The proposed rule could potentially be used for microreactor applications, but more information is needed to determine whether it could affect applicants that qualify as “small entities” under NRC size standards, the NRC said. The NRC is requesting comment as part of the rulemaking process on an initial regulatory flexibility analysis that raised questions about the proposed rule’s impact on small entities.
The NR GEIS would help NRC staff determine which potential environmental impacts would likely apply to many different reactors and which likely would be unique to each reactor, the NRC said in the Oct. 4 notice. A subsequent project-specific environmental review would be needed to evaluate unique or less common issues.
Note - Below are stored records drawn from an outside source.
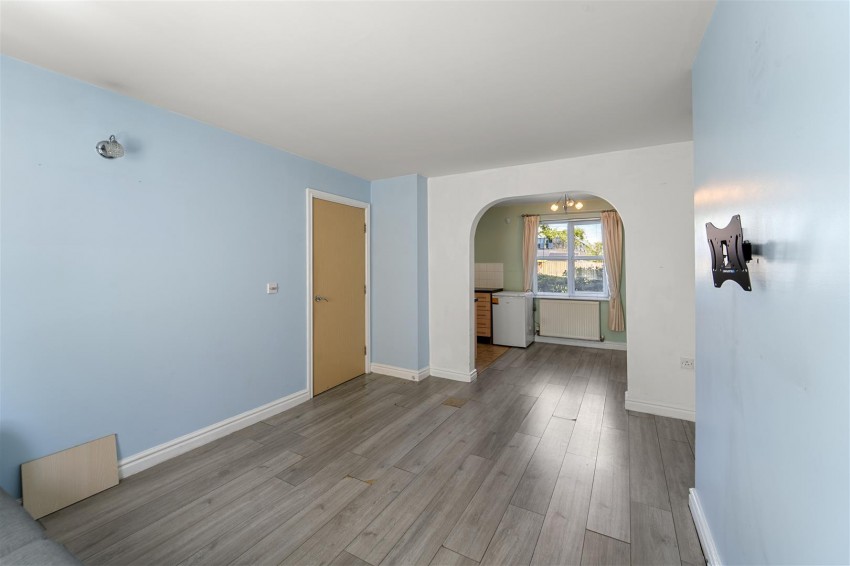 Images for Manor Avenue, Ruskin, Sale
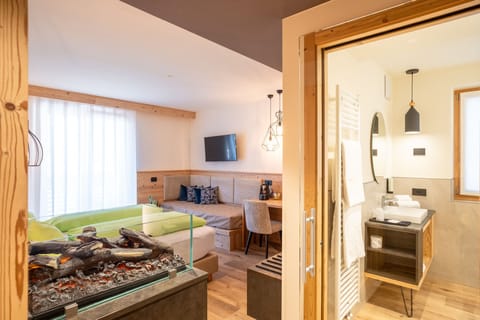 Superior Room | Down comforters, minibar, in-room safe, desk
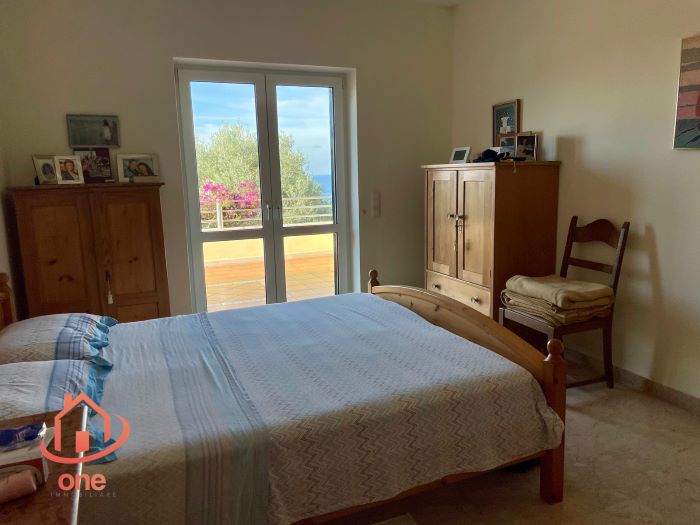 Villa-vista-mare-in-vendita-a-Santa-Maria-di-Castellabate (38)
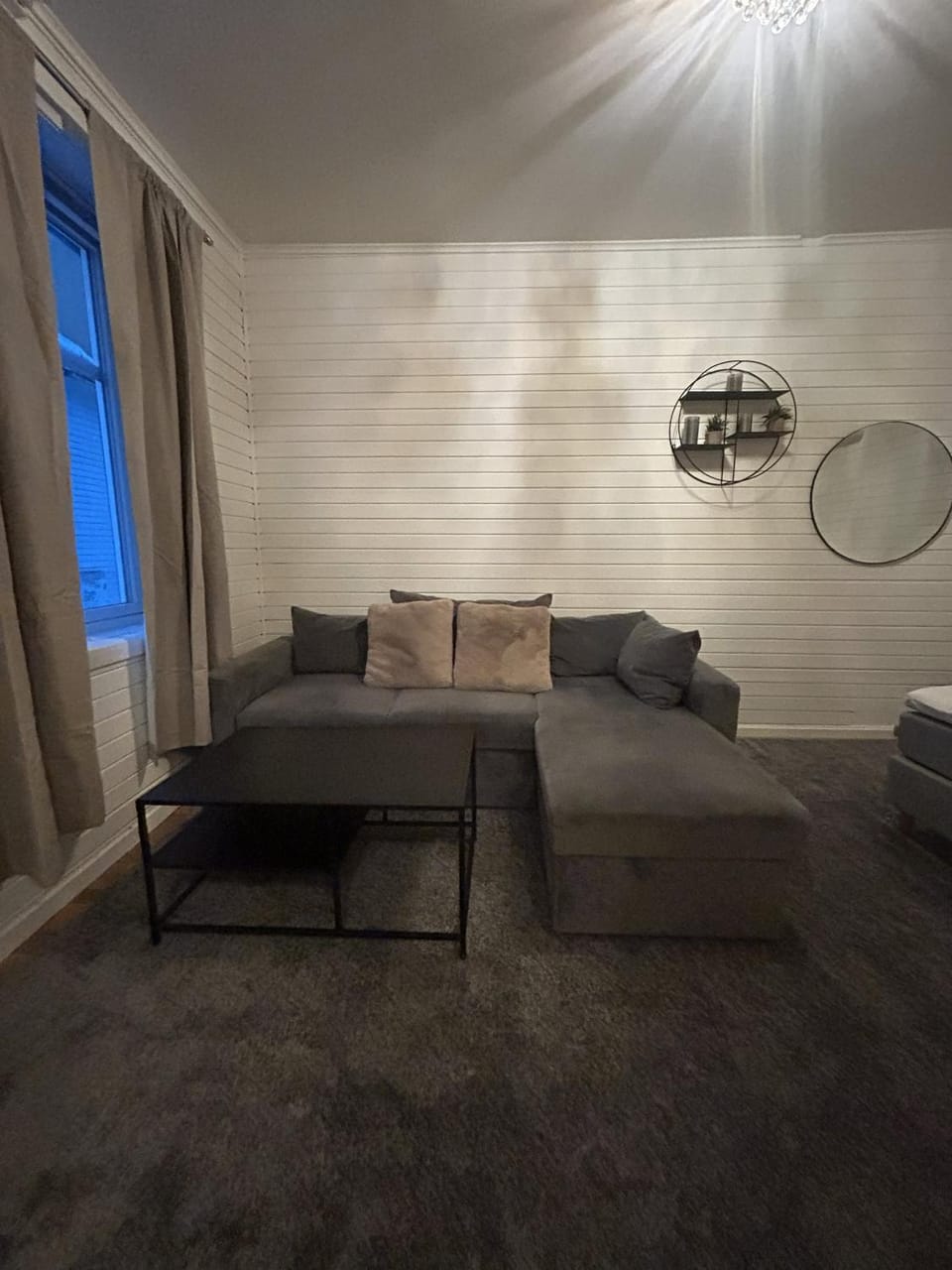 Bed, Living room, Photo of the whole room, Seating area, Bedroom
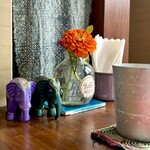 カフェモン - 卓上の象さんと百日草の一輪挿し❁
      タイのアルミカップのお冷も冷え冷えで気持ちイイ〜♪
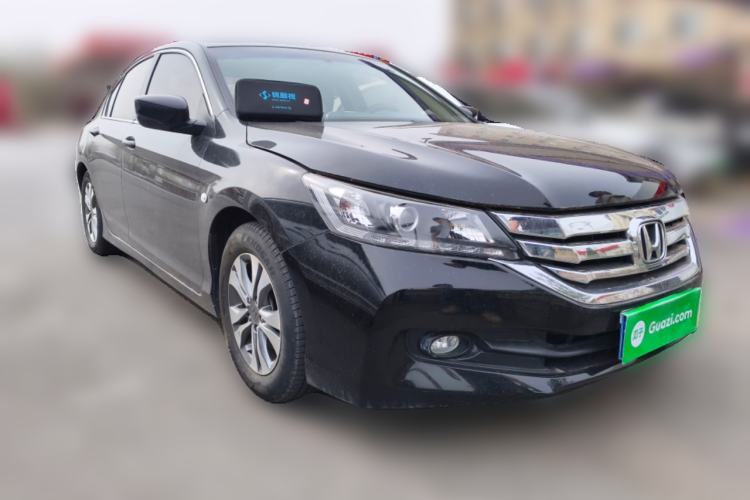 Used Honda Accord 2015 2.0L LX Comfort Edition Front Right 45 Deg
By enabling greater focus on project-specific issues, the proposed rule would reduce costs incurred by applicants to produce environmental reviews and the NRC for environmental review activities, the NRC said in the notice. In addition to reducing applicant and NRC costs by up to $2 million per application, the proposed rule would add “greater regulatory stability, predictability, and clarity to the licensing process,” the NRC said.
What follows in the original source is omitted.